# [Try it]
Copy verbatim the block of lines in the entries below whose first line contains "aerial yoga class" and whose last line contains "Unfurnished bedroom featuring". Leave out all other lines.

# [Given data]
-*-*-

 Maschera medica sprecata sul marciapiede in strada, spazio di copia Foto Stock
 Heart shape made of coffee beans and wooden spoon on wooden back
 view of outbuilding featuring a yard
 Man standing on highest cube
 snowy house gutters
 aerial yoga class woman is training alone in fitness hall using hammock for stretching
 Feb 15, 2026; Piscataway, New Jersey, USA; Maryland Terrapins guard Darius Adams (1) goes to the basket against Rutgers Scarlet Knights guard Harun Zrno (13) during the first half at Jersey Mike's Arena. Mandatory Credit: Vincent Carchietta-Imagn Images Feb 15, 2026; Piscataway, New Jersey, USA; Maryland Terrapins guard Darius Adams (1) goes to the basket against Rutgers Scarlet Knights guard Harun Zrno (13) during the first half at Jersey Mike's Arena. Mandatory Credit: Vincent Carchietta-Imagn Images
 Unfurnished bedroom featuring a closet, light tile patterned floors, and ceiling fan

-*-*-

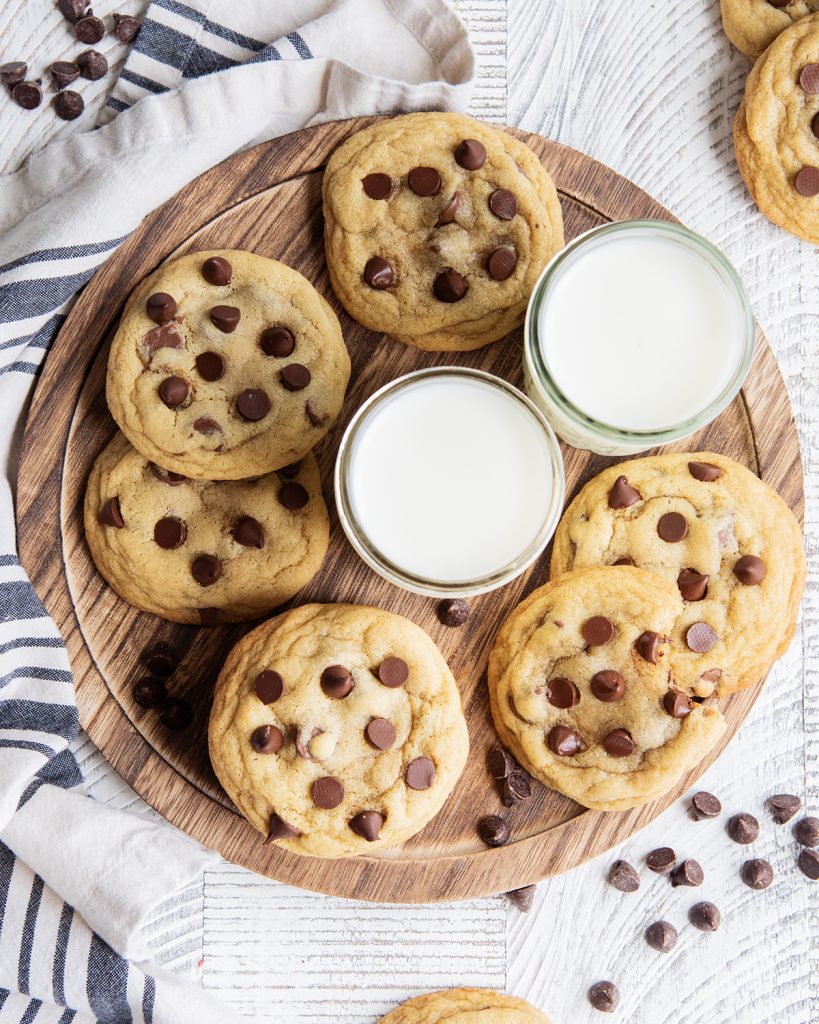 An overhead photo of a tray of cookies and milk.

-*-*-

# [Answer space]
 aerial yoga class woman is training alone in fitness hall using hammock for stretching
 Feb 15, 2026; Piscataway, New Jersey, USA; Maryland Terrapins guard Darius Adams (1) goes to the basket against Rutgers Scarlet Knights guard Harun Zrno (13) during the first half at Jersey Mike's Arena. Mandatory Credit: Vincent Carchietta-Imagn Images Feb 15, 2026; Piscataway, New Jersey, USA; Maryland Terrapins guard Darius Adams (1) goes to the basket against Rutgers Scarlet Knights guard Harun Zrno (13) during the first half at Jersey Mike's Arena. Mandatory Credit: Vincent Carchietta-Imagn Images
 Unfurnished bedroom featuring a closet, light tile patterned floors, and ceiling fan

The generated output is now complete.